LISTED ENTRIES:
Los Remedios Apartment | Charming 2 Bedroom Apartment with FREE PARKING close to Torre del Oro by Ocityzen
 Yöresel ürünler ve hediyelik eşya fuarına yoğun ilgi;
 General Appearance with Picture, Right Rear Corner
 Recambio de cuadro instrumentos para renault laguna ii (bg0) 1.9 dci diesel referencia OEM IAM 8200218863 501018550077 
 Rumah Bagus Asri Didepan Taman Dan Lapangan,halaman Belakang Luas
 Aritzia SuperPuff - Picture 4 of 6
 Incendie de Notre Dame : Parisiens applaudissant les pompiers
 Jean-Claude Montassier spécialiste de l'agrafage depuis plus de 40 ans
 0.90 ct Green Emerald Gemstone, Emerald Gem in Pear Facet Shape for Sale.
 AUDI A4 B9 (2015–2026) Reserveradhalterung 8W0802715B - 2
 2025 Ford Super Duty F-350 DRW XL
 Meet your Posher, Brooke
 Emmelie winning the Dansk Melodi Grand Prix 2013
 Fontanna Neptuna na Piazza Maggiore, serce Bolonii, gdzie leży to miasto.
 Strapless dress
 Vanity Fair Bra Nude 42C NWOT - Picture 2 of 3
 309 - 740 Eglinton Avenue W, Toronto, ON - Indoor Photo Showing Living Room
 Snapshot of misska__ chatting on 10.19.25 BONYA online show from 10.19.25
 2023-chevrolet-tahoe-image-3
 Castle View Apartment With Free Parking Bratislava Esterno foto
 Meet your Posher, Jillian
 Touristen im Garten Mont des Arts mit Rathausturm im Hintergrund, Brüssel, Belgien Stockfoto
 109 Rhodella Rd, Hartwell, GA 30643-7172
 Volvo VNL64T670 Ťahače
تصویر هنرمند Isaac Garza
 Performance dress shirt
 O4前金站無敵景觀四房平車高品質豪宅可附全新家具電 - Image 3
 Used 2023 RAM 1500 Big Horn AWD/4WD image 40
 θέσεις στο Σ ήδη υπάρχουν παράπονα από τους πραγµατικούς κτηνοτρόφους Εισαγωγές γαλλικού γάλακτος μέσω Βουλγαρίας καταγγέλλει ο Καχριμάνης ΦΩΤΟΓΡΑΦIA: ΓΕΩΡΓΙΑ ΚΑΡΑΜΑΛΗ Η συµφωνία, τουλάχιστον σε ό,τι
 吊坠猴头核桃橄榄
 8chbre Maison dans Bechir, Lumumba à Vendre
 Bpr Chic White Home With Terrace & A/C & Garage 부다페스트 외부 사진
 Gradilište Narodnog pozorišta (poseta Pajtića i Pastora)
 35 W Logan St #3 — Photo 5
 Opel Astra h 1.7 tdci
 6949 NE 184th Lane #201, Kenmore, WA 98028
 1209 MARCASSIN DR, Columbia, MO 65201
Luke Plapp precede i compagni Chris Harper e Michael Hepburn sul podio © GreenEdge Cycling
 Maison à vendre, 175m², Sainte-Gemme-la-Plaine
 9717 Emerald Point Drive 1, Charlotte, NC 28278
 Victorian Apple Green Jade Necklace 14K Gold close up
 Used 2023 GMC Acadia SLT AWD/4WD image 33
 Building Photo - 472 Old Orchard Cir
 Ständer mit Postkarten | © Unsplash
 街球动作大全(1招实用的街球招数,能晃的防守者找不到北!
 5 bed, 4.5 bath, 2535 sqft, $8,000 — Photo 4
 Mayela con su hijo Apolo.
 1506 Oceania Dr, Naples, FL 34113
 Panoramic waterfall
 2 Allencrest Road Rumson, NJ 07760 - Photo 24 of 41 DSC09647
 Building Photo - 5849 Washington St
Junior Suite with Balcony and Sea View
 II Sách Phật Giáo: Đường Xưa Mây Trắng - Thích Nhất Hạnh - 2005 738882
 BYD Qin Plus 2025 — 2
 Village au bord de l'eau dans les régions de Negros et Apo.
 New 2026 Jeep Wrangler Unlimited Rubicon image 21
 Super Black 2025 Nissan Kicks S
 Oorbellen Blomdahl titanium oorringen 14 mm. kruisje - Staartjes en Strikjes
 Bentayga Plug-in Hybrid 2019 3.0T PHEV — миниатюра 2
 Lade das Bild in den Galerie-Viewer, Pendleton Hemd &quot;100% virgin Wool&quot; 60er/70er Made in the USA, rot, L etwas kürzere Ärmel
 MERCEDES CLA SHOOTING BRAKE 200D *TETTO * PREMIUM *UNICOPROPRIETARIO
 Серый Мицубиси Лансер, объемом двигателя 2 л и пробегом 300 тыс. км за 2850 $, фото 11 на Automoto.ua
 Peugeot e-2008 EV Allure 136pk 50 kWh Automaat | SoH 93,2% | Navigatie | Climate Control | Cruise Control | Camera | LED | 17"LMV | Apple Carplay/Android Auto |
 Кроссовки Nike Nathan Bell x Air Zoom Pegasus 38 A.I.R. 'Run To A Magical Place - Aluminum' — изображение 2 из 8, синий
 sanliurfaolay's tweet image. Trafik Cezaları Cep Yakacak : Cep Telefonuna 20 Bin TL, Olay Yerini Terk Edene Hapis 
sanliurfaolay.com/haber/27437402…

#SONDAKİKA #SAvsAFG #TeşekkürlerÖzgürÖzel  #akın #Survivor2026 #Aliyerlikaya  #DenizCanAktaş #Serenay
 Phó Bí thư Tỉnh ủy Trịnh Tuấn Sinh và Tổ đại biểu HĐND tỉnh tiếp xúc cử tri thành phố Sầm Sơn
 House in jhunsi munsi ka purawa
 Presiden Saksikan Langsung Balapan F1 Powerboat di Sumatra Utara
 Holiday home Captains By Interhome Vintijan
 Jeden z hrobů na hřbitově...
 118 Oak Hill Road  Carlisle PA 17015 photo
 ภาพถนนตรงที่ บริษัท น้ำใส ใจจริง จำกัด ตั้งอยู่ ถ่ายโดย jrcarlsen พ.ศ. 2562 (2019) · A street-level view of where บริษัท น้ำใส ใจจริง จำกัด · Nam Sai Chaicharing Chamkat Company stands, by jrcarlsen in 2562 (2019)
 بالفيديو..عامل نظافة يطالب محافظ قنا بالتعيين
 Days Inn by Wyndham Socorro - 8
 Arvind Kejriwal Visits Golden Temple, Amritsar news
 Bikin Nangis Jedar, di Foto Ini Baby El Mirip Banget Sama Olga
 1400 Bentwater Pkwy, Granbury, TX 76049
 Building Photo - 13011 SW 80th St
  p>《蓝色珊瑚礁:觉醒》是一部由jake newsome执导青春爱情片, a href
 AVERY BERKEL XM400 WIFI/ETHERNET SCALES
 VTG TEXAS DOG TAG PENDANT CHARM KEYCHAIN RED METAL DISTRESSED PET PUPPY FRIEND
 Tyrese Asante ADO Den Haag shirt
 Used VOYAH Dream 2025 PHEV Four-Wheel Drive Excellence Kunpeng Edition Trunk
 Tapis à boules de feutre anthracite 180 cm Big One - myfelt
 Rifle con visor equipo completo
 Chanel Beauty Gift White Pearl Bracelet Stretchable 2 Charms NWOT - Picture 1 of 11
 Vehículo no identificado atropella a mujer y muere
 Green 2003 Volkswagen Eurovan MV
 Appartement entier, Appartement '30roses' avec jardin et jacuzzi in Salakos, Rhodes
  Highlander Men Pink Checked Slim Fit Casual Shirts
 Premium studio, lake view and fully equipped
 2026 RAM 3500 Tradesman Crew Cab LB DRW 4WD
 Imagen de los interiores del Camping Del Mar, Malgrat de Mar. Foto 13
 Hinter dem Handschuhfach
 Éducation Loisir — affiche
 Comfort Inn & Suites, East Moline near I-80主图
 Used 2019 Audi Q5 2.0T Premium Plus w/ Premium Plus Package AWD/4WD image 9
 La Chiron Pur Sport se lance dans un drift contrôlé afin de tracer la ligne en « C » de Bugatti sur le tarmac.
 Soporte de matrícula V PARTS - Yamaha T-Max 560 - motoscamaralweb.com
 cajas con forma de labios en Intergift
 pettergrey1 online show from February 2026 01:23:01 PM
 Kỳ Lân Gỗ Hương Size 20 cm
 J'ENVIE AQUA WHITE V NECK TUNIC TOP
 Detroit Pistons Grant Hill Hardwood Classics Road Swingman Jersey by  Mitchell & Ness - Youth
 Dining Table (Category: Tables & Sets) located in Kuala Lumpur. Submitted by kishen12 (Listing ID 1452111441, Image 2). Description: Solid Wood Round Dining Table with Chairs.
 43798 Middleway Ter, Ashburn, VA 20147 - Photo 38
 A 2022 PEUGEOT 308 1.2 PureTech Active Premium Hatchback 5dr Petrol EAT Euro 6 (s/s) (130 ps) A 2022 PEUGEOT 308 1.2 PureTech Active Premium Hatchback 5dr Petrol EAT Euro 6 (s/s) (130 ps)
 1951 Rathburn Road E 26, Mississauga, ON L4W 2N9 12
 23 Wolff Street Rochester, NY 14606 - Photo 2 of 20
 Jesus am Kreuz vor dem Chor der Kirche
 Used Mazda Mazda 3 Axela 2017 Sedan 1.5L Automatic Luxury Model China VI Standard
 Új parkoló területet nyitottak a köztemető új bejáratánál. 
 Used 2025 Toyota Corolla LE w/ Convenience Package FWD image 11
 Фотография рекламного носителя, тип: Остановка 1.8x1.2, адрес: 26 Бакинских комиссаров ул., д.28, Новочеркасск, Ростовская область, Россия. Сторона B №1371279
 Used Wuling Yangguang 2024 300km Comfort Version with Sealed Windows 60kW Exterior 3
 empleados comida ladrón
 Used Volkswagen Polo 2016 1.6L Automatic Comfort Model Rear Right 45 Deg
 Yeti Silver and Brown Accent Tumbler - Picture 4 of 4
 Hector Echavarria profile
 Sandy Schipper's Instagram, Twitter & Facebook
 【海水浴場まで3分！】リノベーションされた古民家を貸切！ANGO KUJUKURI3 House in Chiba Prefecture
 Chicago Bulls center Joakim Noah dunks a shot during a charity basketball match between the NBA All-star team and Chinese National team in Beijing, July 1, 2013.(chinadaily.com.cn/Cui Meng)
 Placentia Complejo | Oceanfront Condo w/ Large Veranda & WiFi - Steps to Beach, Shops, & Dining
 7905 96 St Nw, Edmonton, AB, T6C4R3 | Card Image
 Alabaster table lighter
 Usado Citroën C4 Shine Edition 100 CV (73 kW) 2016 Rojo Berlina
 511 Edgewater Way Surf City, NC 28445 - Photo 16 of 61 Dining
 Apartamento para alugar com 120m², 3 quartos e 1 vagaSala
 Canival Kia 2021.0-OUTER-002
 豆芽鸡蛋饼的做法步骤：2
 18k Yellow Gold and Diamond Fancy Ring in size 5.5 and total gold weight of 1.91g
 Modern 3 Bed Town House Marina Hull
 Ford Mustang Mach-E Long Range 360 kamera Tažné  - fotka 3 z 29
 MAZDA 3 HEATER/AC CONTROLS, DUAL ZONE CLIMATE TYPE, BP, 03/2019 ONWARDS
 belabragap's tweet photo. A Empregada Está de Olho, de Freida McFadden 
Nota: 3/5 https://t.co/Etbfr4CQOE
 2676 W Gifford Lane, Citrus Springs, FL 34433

ASSIGNMENT: Find the word "online" in the records, and report each line that has it.

ANSWER BOX:
 Snapshot of misska__ chatting on 10.19.25 BONYA online show from 10.19.25
 pettergrey1 online show from February 2026 01:23:01 PM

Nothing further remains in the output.